Task to carry out —
Please retype the data in full and exactly; the pictures are not part of the copy.

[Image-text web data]
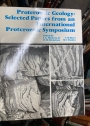 Proterozoic Geology: Selected Papers from an International Proterozoic Symposium.
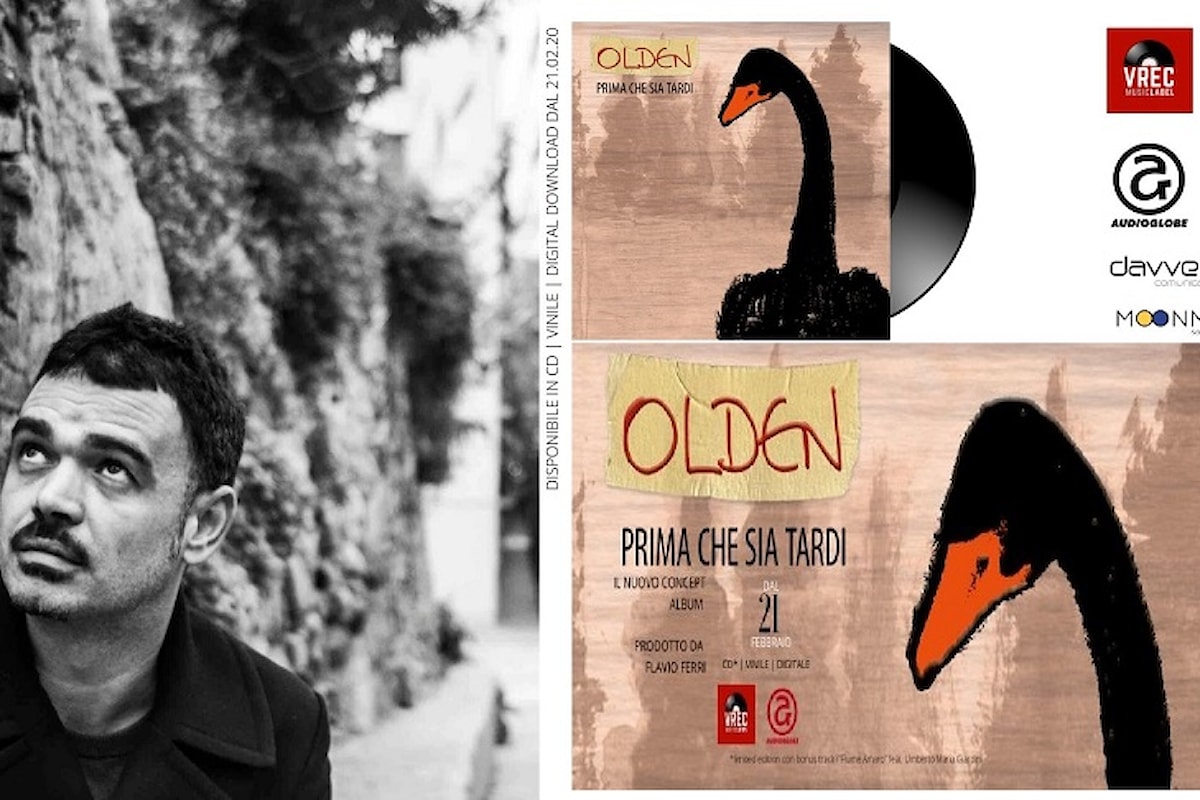 “Prima che sia tardi”, dopo il singolo Aquilone, il quinto album del cantautore Olden, su cd e vinile limited edition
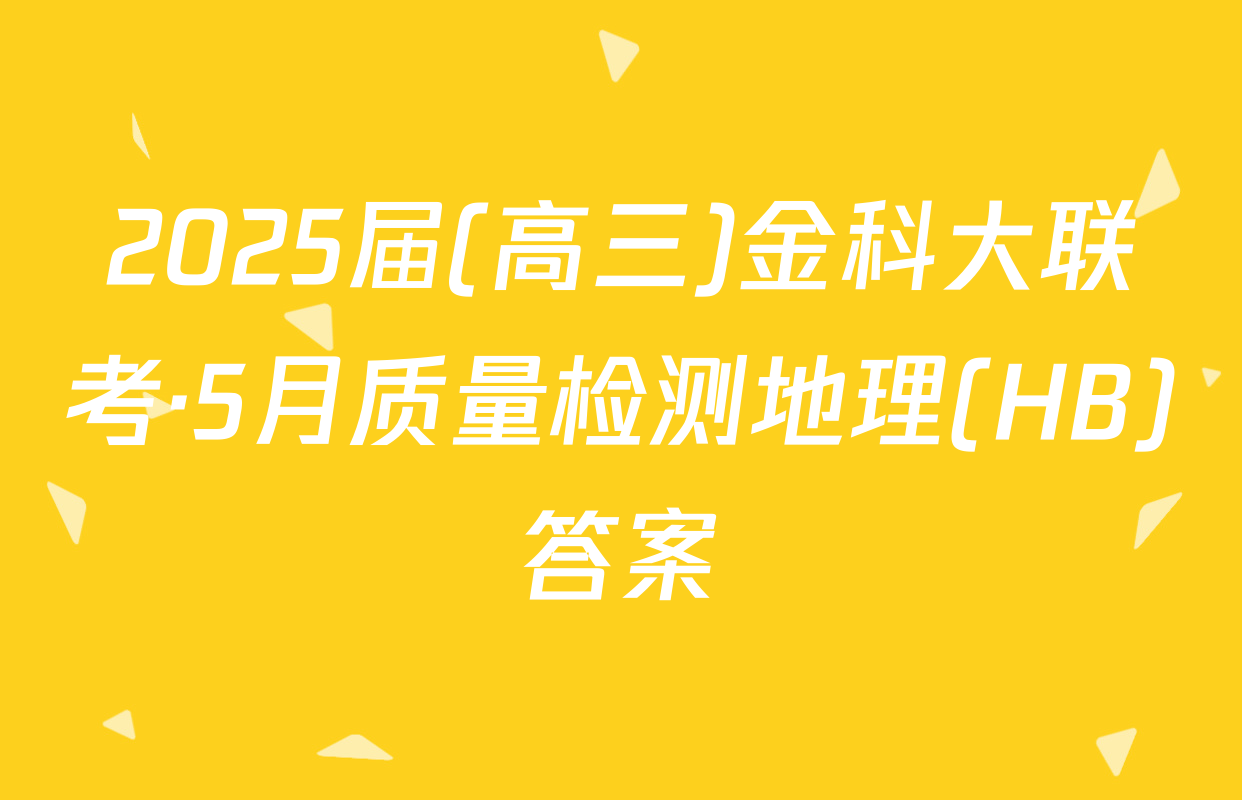 2025届(高三)金科大联考·5月质量检测地理(HB)答案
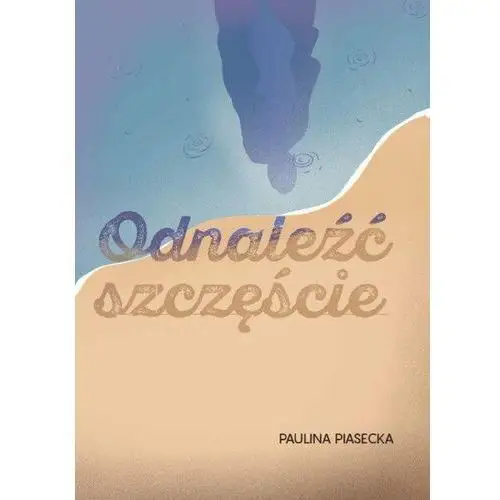 Odnaleźć szczęście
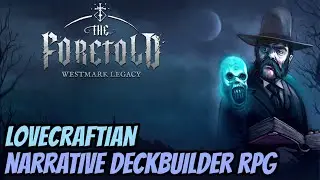 Starting a Lovecratian Narrative Deckbuilder RPG | The Foretold: Westmark Legacy - Part 1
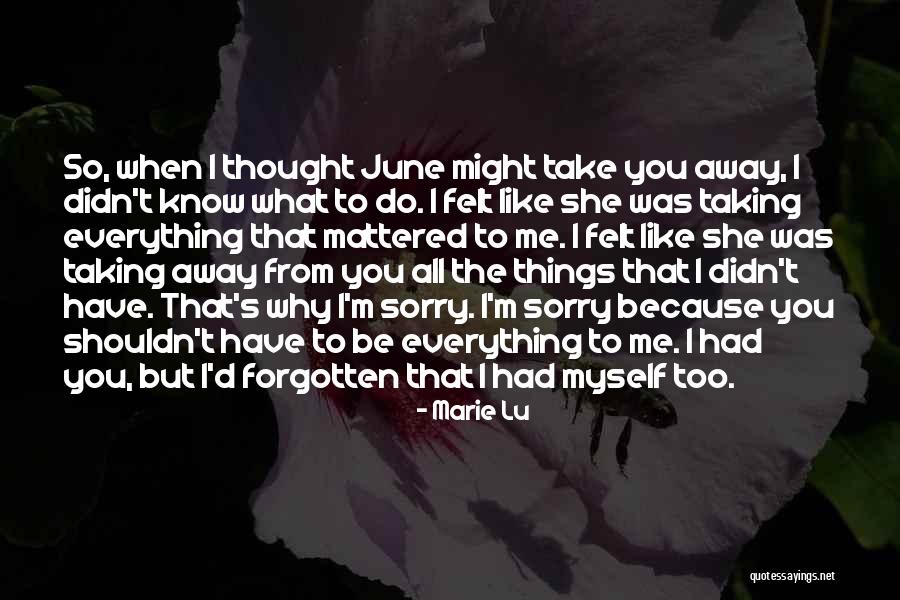 Why Have You Forgotten Me Quotes By Marie Lu Why Have You Forgotten Me Quotes By Marie Lu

Task response —
 Proterozoic Geology: Selected Papers from an International Proterozoic Symposium.
 “Prima che sia tardi”, dopo il singolo Aquilone, il quinto album del cantautore Olden, su cd e vinile limited edition
 2025届(高三)金科大联考·5月质量检测地理(HB)答案
 Odnaleźć szczęście
 Starting a Lovecratian Narrative Deckbuilder RPG | The Foretold: Westmark Legacy - Part 1
 Why Have You Forgotten Me Quotes By Marie Lu Why Have You Forgotten Me Quotes By Marie Lu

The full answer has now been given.